Friendly, Anderson and Feinberg, Circuit Judges.
On March 14, 1967, the Trustee in Bankruptcy petitioned the Referee for an order authorizing the private sale of a Weldetron Sealer and a Power Weld Plastic Sealer to Oneida Die Press Specialties, Inc. for $380. The Trustee represented that no higher price could be obtained at public auction and, in addition, the expense of an auction would thereby be saved. Accepting the view that $380 was the "best price available," the Referee issued an order authorizing the sale. None of the bankrupt's creditors received notice of this private sale; nor were they notified that confirmation of the sale was entered on March 15, 1967.
On May 9, 1967, the appellant, a creditor of the bankrupt, petitioned the Referee to set the sale aside on the grounds that the price was too low, that notice of the sale was not given, and that a conflict of interest was involved. The Referee denied the petition, and the District Court affirmed, noting that it was reviewing not an order of confirmation but an order denying a petition to set aside a sale.*fn1
If this court were now reviewing a confirmation, it would probably reverse the judgment below as the court did in In re Park Distributors, Inc., 176 F. Supp. 38 (S.D.Cal.1959), upon which appellant heavily relies. Section 58(a) of the Bankruptcy Act provides, in pertinent part:
"Creditors shall have at least ten days' notice by mail * * * of * * * (4) all proposed sales of property: Provided, That the court may, upon cause shown, shorten such time or order an immediate sale without notice * * *."

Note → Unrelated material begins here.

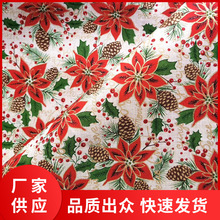 厂家供应细仿麻印松果红花布料，圣诞批发布料小花小碎花图案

11 U.S.C.A. § 94(a). Park held that the notice requirements of § 58(a) (4) should not be dispensed with for reasons of convenience, but only if the particular asset to be sold or the bankrupt estate in general would be appreciably reduced in value by the administrative costs entailed in giving notice or if an advantageous sale would be lost or if the property to be sold would substantially depreciate in value during the notice period. 176 F. Supp. at 42. This is a correct interpretation and application of § 58(a) (4). Judged by these standards, there was no justification for a private sale in this case which occurred 29 days before the public auction of the bankrupt's remaining assets.
But this is not an appeal from the denial of a petition to review a confirmation order. Section 39 of the Bankruptcy Act requires a party aggrieved by an order of the Referee to petition for review within 10 days after entry of the order. The appellant did not seek such relief within the statutory period, allegedly because he never received notice of the order. Such a failure to receive notice, however, does not relieve a creditor from the strict interpretation of § 39 intended by Congress. In the Matter of Victor P. Danenza, 200 F. Supp. 694 (E.D.N.Y.1962); St. Regis Paper Co. v. Jackson, 369 F.2d 136 (5 Cir. 1966); 2 Collier, Bankruptcy para. 39.20 at 1494 n. 10, 1495-96 (14th ed. 1966). It is incumbent upon creditors to follow the record of the administration of the bankruptcy estate and discover for themselves orders which they may want to challenge.
The standard for setting aside a sale is stricter than that applied in a direct attack upon a confirmation. In the latter, the governing principle is to obtain the best price for the bankruptcy estate whereas in the former there is greater emphasis upon finality in judicial sales and executed contracts, unless they are "tinged with fraud, error or similar defects which would in equity affect the validity of any private transaction." 4A Collier, Bankruptcy, para. 70.98 , 1183, 1184-94 (14th ed. 1967); In re Burr Mfg. & Supply Co., 217 F. 16, 19 (2 Cir. 1914). In this case, the absence of notice of the sale is not a sufficient ground for voiding this transaction.
The claims of inadequacy of price and conflict of interest are not so great in this case as to require a disturbance of the finality of the sale. Considering that the machines had an appraised value of $550, the sale price of $380 does not shock the conscience of the court. And, finally, the mere allegation of a tenuous conflict of interest does not warrant reversal. Donovan & Schuenke v. Sampsell, 226 F.2d 804 (9 Cir. 1955), emphasized by the appellant, is inapposite because the purchaser in the present case was not a fiduciary with respect to the property sold.
The judgment of the District Court is affirmed.